Supplied records:
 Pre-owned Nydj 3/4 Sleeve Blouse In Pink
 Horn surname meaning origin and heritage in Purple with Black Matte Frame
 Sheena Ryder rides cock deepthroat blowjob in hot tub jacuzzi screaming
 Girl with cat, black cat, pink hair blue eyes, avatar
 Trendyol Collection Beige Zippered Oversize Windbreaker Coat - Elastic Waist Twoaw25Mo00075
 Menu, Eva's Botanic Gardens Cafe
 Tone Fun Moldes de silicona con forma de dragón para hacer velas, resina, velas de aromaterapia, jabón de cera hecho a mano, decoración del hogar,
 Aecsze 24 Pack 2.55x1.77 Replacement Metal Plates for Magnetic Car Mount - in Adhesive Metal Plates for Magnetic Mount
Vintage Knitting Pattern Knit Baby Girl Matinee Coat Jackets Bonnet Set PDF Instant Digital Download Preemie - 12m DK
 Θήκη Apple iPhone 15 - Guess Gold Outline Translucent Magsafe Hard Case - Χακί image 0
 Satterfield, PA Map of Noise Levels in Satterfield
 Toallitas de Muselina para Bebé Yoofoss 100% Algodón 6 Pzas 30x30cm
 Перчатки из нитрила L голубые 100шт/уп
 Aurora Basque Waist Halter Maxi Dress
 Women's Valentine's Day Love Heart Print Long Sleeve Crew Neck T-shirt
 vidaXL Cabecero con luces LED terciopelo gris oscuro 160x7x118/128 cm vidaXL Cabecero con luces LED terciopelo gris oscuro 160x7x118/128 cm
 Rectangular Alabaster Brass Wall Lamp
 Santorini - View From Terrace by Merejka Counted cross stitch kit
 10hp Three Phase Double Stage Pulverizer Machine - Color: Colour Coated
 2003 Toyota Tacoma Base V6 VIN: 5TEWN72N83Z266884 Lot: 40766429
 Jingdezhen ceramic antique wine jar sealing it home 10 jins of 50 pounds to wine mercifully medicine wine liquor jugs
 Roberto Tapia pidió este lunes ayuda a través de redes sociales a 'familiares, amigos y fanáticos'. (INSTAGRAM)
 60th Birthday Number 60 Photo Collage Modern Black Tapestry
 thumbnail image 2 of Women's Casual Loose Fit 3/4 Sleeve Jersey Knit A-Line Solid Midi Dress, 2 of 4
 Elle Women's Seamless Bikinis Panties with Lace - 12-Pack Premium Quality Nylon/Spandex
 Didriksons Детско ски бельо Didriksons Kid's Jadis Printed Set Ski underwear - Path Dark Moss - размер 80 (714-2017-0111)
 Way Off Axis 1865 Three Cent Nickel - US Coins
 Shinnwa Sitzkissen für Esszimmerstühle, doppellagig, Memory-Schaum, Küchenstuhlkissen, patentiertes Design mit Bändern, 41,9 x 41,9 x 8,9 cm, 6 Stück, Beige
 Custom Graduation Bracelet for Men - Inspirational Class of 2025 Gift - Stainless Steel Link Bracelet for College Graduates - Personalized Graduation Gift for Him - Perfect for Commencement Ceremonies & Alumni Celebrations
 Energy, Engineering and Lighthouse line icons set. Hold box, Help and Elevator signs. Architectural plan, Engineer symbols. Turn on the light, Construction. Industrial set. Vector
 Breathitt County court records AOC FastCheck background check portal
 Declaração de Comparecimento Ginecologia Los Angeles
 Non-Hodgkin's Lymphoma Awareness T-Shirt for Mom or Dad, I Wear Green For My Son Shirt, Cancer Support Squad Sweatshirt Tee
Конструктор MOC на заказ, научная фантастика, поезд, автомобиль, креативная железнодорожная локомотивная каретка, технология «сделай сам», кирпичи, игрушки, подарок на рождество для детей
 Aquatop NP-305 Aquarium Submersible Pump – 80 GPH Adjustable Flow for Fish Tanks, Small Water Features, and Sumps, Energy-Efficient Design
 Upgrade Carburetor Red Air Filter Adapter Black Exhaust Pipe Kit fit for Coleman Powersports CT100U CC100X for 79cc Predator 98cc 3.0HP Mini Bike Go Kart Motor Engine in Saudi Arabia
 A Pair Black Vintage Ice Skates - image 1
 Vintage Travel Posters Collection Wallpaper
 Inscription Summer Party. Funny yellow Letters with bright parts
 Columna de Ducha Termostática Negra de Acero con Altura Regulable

Task directions:
Your answer should be the lines from the one containing "A Pair Black Vintage Ice Skates - image 1" through the end of the records, both included, output exactly and with nothing added.

Solved problem:
 A Pair Black Vintage Ice Skates - image 1
 Vintage Travel Posters Collection Wallpaper
 Inscription Summer Party. Funny yellow Letters with bright parts
 Columna de Ducha Termostática Negra de Acero con Altura Regulable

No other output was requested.